This is an archive of the discontinued LLVM Phabricator instance.

LTO: Hash type identifier resolutions for WholeProgramDevirt.
ClosedPublic

Authored by pcc on Mar 2 2017, 2:36 PM.

Diff Detail

Repository
rL LLVM

Event Timeline

pcc created this revision.Mar 2 2017, 2:36 PM
mehdi_amini added inline comments.Mar 2 2017, 6:38 PM
llvm/lib/LTO/LTO.cpp
104 ↗(On Diff #90400)

Why do we hash bit-by-bit? Is it because of endianness? Do we care about having the same hash on different endian machine?

pcc added inline comments.Mar 2 2017, 7:40 PM
llvm/lib/LTO/LTO.cpp
104 ↗(On Diff #90400)

It makes the code easier to reason about if you always use the same hash function rather than making the code machine dependent.

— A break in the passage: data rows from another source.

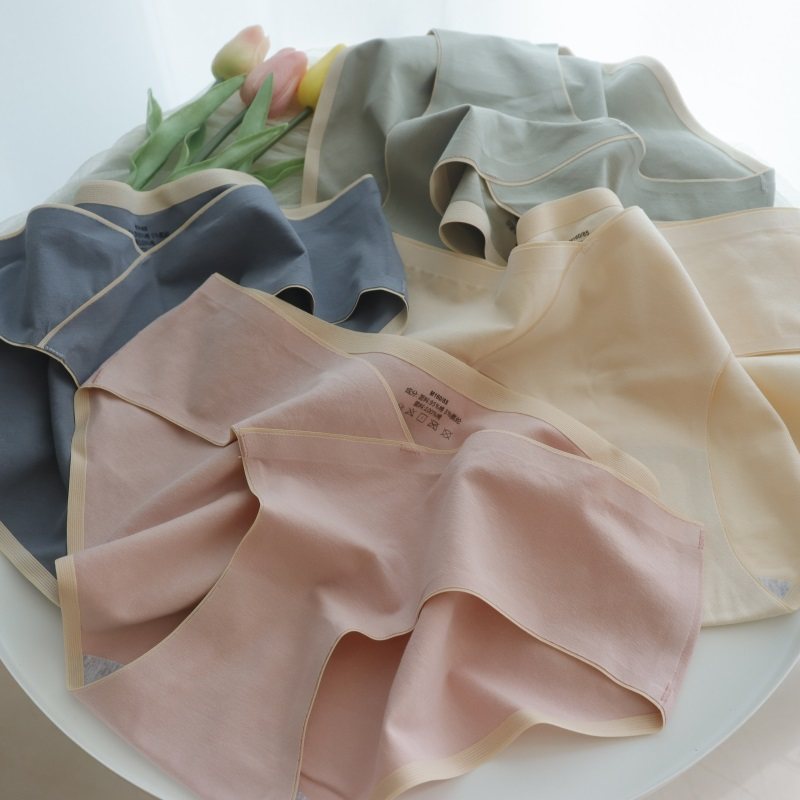 Pregnant Women's Underwear Pure Cotton Summer Thin low waist Abdominal Gestational Early Pregnancy Mid Early Gestation mid stage Large size postpartum postnatal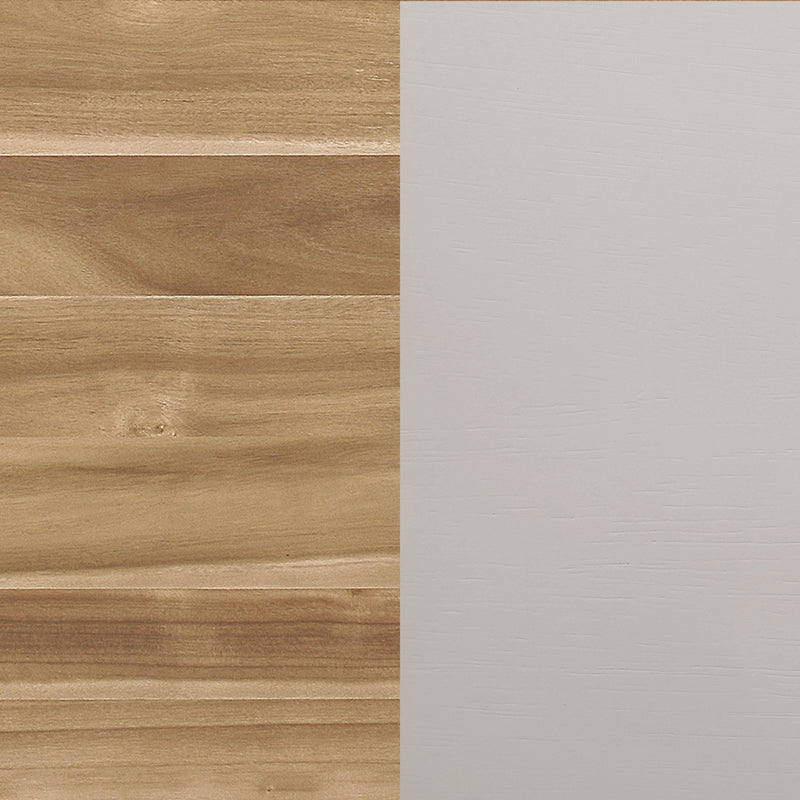 Mesa de comedor rectangular de madera Nogales de 71 pulgadas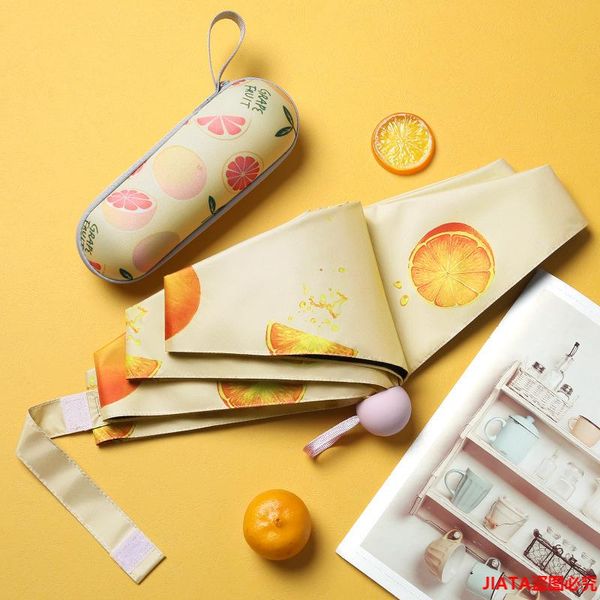 umbrellas mini sun umbrella fun fruit uv protection women's pocket sunscreen sunny
umbrellas mini sun umbrella fun fruit uv protection women's pocket sunscreen sunny
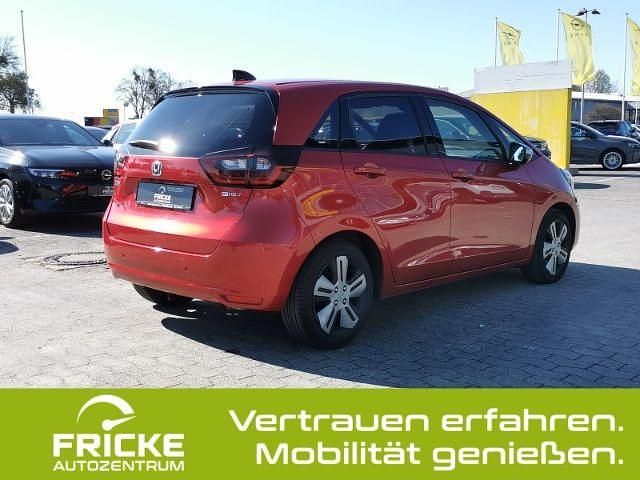 Gebraucht Honda Jazz Executive 109 PS (80 kW) 2022 Rot Kleinwagen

mehdi_amini added inline comments.Mar 3 2017, 9:22 AM
llvm/lib/LTO/LTO.cpp
104 ↗(On Diff #90400)

I don't really get why the code here is "easier to reason about" than:

auto AddUint64 = [&](uint64_t I) {
    Hasher.update(&I, sizeof(I));
  };
pcc added inline comments.Mar 3 2017, 9:45 AM
llvm/lib/LTO/LTO.cpp
104 ↗(On Diff #90400)

If you reuse the cache on an opposite endian host you'd need to worry about collisions if all integers are byte swapped. I reasoned through this and figured out that it probably can't happen in practice, but the point is that we can avoid needing to rely on such reasoning.

Also, your code breaks strict aliasing rules. But hey, everyone breaks them so maybe it doesn't matter. I don't care that much so if you feel strongly I'll just change it.

mehdi_amini accepted this revision.Mar 3 2017, 9:46 AM
mehdi_amini added inline comments.
llvm/lib/LTO/LTO.cpp
104 ↗(On Diff #90400)

Right I wrote the code as a snippet.
And no I don't feel strongly about this, but I like to understand what's going on :)

This revision is now accepted and ready to land.Mar 3 2017, 9:46 AM
This revision was automatically updated to reflect the committed changes.